I'm getting a bit confused after having run an aligner program on my RNA-seq data (BWA for Burrows-Wheeler Aligner) in order to get an estimate of the mate inner distance for use in downstream analysis. The total RNA libraries were prepared with universal Illumina adapters, it was a 150 bp PE sequencing. BWA gave me an average insert size of ~250 +/- 60 bp, and the sequencing company gave me a target fragment size value of 394. Adapters are 34 bp long.
Here is how I understand things so far, please correct me if I'm wrong.
1) Does the fragment size target value of 394 includes the 3' and 5' adapters? I would think so.
2) Do the read length include adpaters? I would say no, because quality checks on the clean data (ie adapters trimmed) give a read length of exactly 150 bp (shouldn't it be 150 - 2x34 = 92 bp after the adapters are removed if they are 34 bp long and included in the read length?)

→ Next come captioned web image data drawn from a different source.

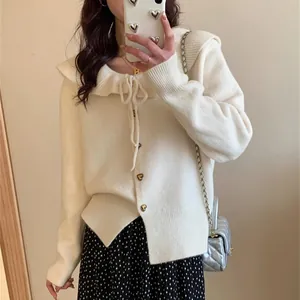 Detailed view of a cream-colored sailor collar knit cardigan with gold heart buttons
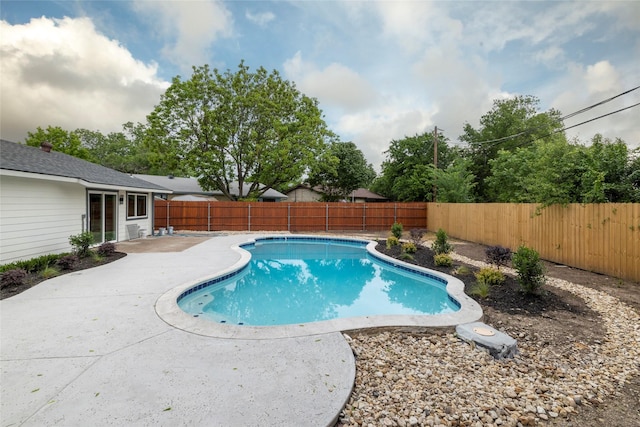 view of swimming pool with a patio area, a fenced in pool, and a fenced backyard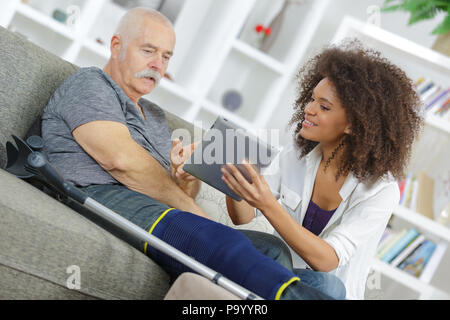 Jeune femme montrant tablet écran pour personnes âgées blessées Banque D'Images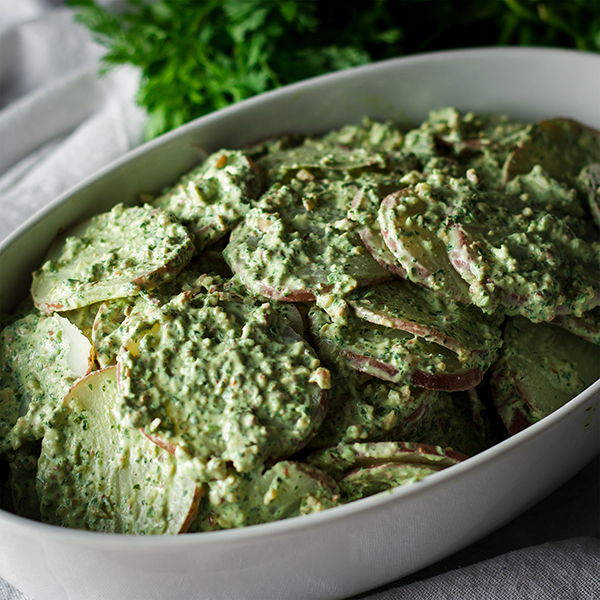 A bowl of potato salad with creamy avocado and herb green sauce.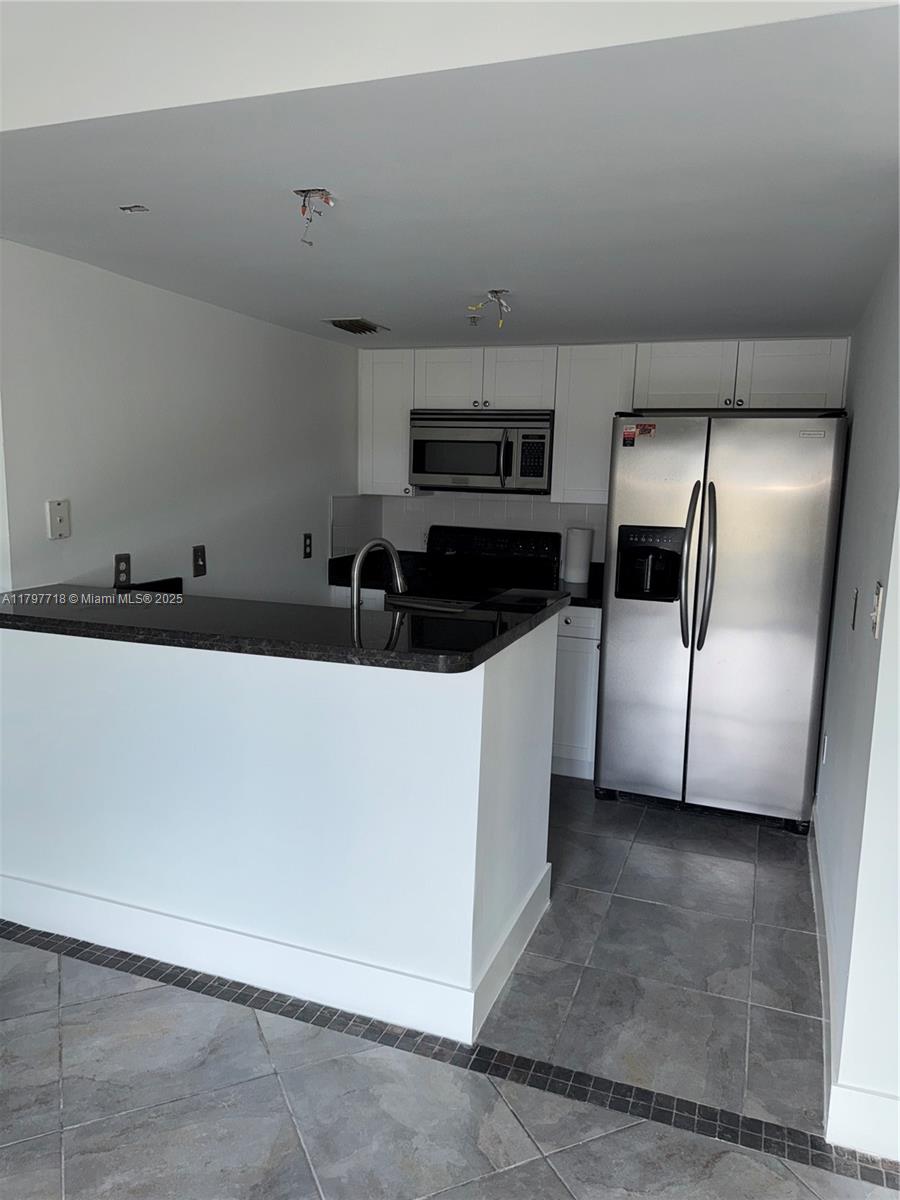 498 Southwest 2nd Street, Unit 2D Miami, FL 33130 - Photo 15 of 35 a kitchen with stainless steel appliances a refrigerator a sink a stove a microwave and cabinets
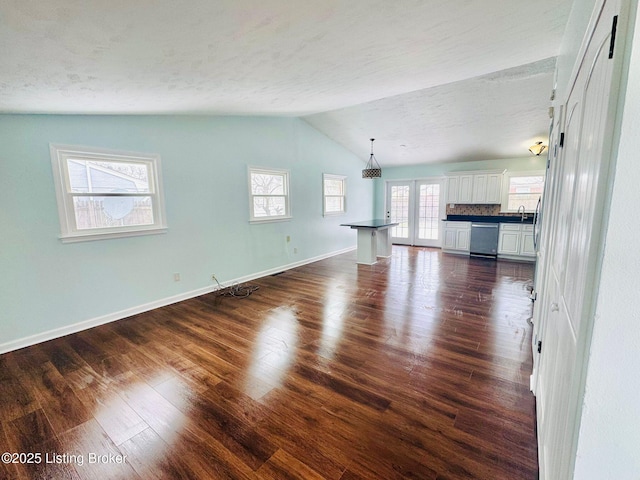 unfurnished living room featuring vaulted ceiling and dark hardwood / wood-style floors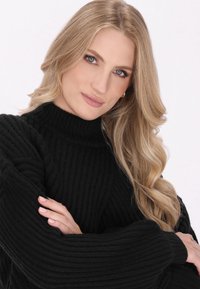 Czarny sweter prążkowany z wysokim kołnierzem, charakteryzujący się miękką teksturą i luźnymi rękawami. Modelka ma długie, falujące blond włosy.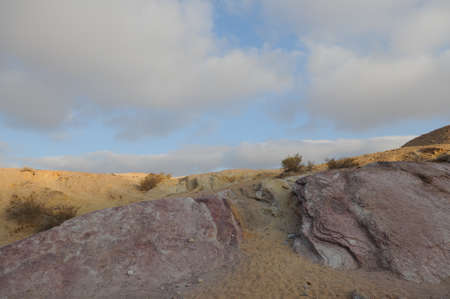 Desert landscape at sunrise. Hiking desert part of Israel National Trail. Negev desert . Valley....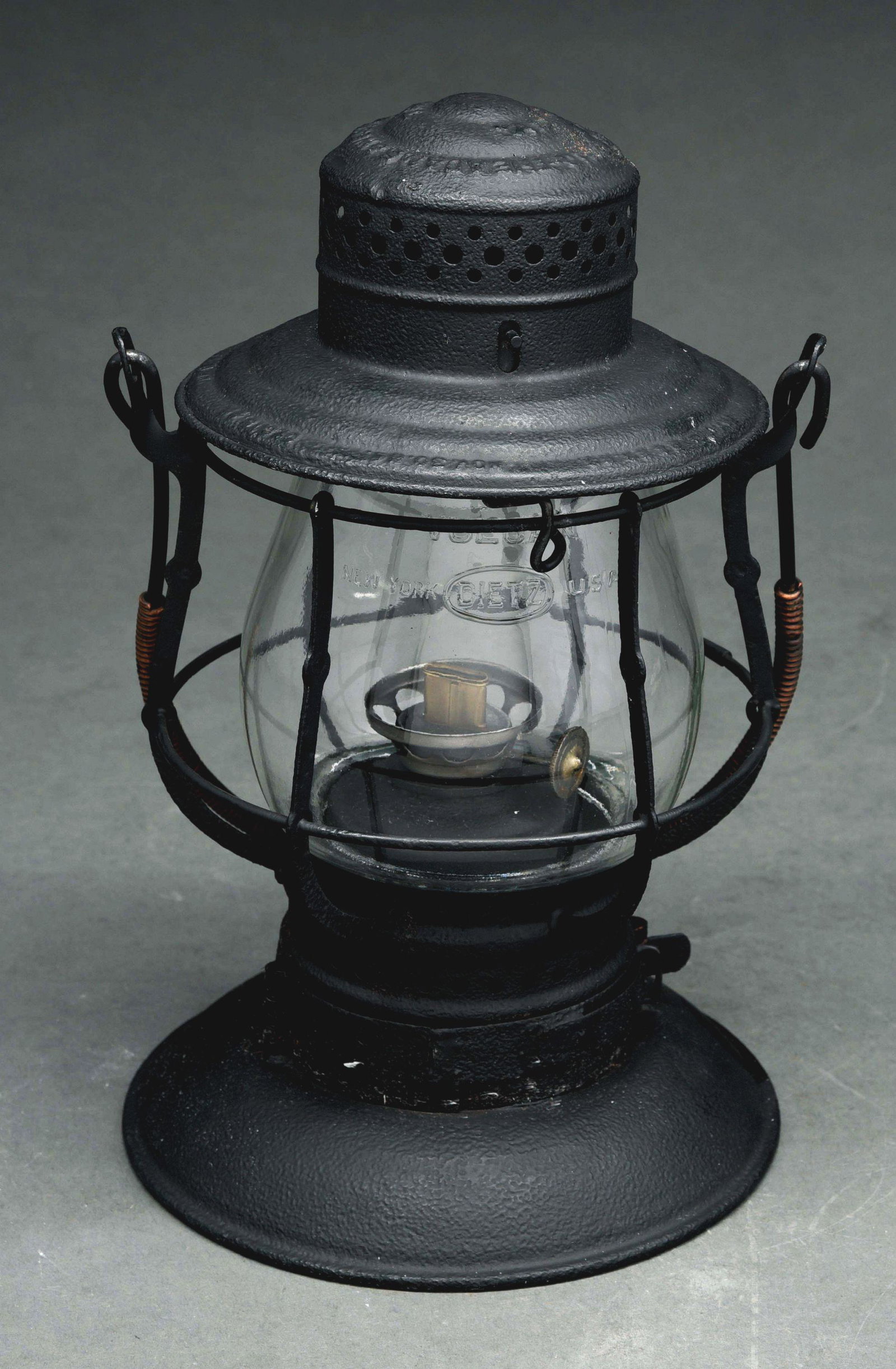 D & L.N. R-Y ADAME & WESTLAKE NO. 39 STEEL GUARD: Scarce Detroit & Lima Northern single guard example, painted black with copper bail wrap. The base fits well and has a No. 1 ratchet burner that is not correct for this lantern. There are several cond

3) Given the two previous points, that would give an insert size of 394 - 2x34 = 326. Which is different from the BWA estimate. Is it usual to have a large difference between a target fragment size and the actual size of the fragments that are sequenced? And if I have an insert size of ~ 250 bp and PE reads of 150 bp, that means that the left and right reads overlap in the middle?

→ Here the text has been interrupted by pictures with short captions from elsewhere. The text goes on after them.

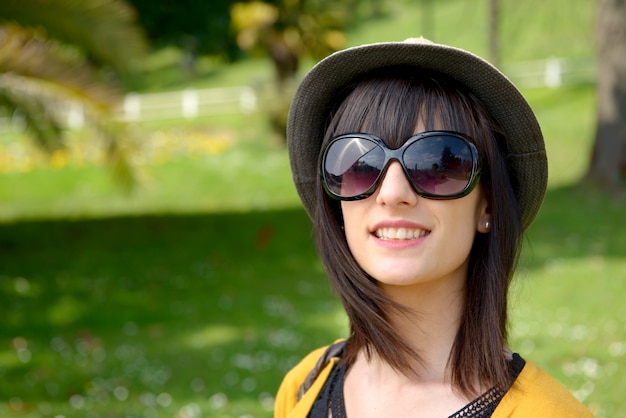 Joven morena con gafas de sol en el parque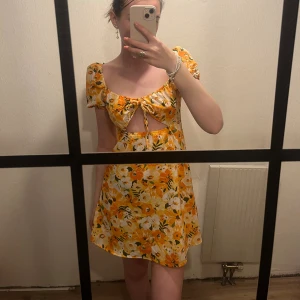 Orange klänning  - Orange klänning med blommor från H&M 
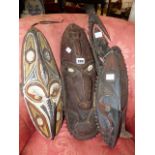 THREE CARVED WOOD TRIBAL MASKS, TWO WITH POLYCHROME DECORATION TOGETHER WITH A CARVED TRIBAL FIGURE.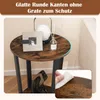 A round side table with a rustic brown wood top and black metal legs, decorated with a photo frame and a diffuser. Náhled obrázku produktu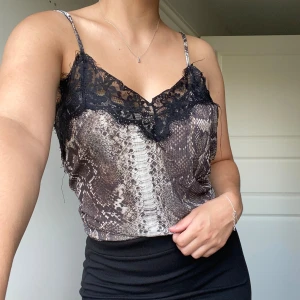 Ormmönstrad linne  - Jätte snygg linne med spets på toppen. Jätte luftig och skön att bära. Knappt använd. 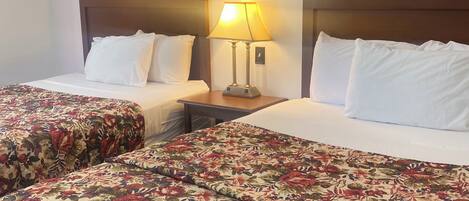 A hotel room with two beds, each with a floral bedspread and white pillows. There is a nightstand with a lamp between the beds.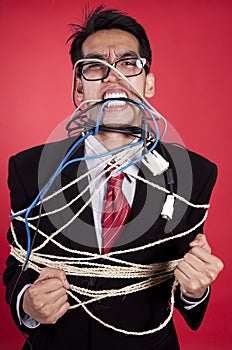 Angry businessman all tied up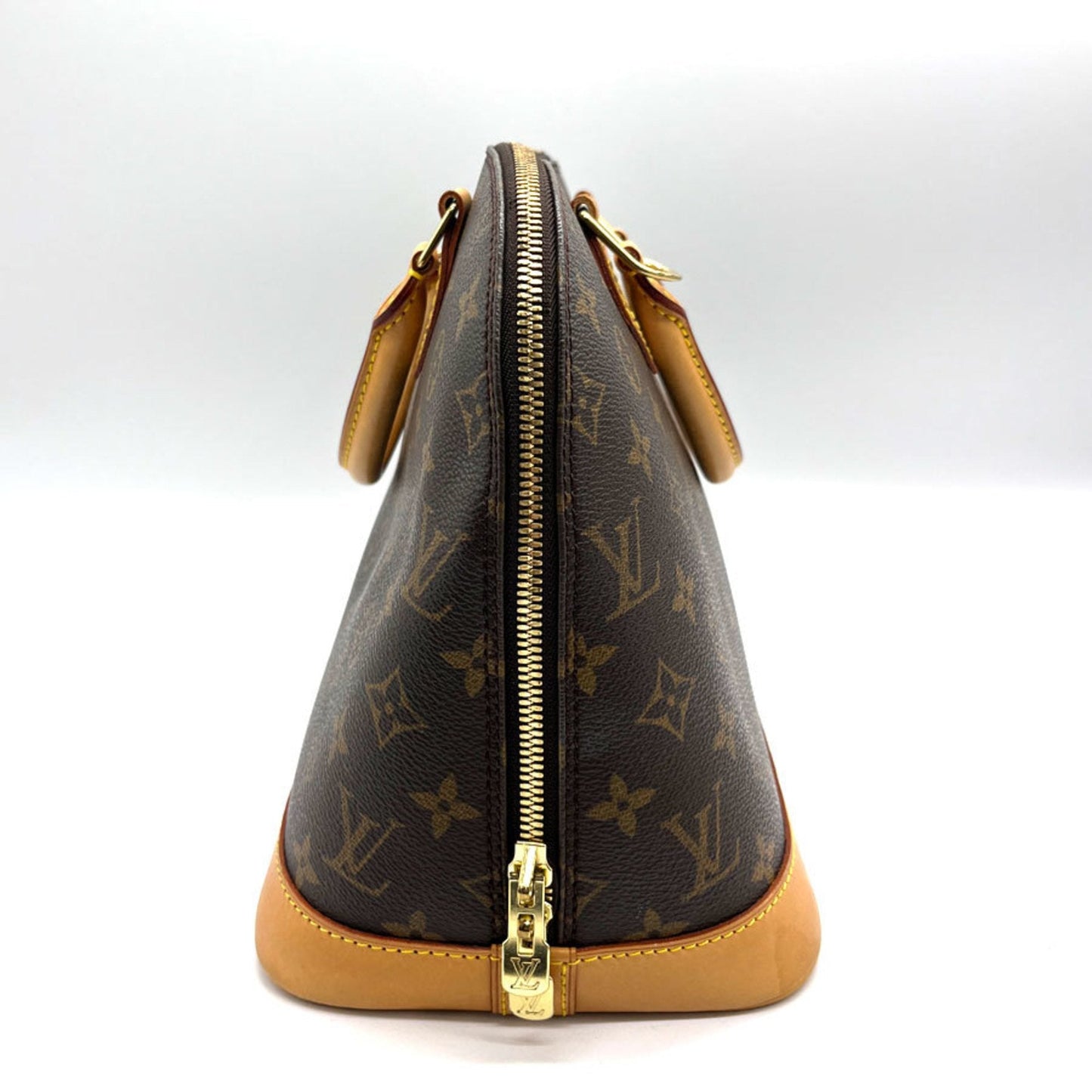 Louis Vuitton Alma  Canvas Handbag ()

Thanks for your help! Antoine
1) yes, what they gave you is probably the result of a Bioanalyzer gel electrophoresis, which measures the full length of the DNA fragment that is pipetted onto the flowcell: That is, the actual genomic fragment + the Illumina adapters + P5/P7 sequences that are required for flow cell binding (total adapter content should therefore be somewhat 120bp). Check this picture for an idea of how this looks.
2) read length is simple the number of base calls that the sequencer performs, so it sequences 150bp into the fragment. in case your fragment (the actual genomic fragment) is shorter than that, also parts of the adapter will be sequenced, requiring adapter trimming. You can check that with e.g. FastQC, followed by trimming with e.g. bbdup, skewer, cutadapt.
3) the insert size that the aligners report are solely based on the distance between the two mate pair alignments towards the reference genomes. adapter sizes and read lengths play no role here (given that you properly trimmed all adapter content).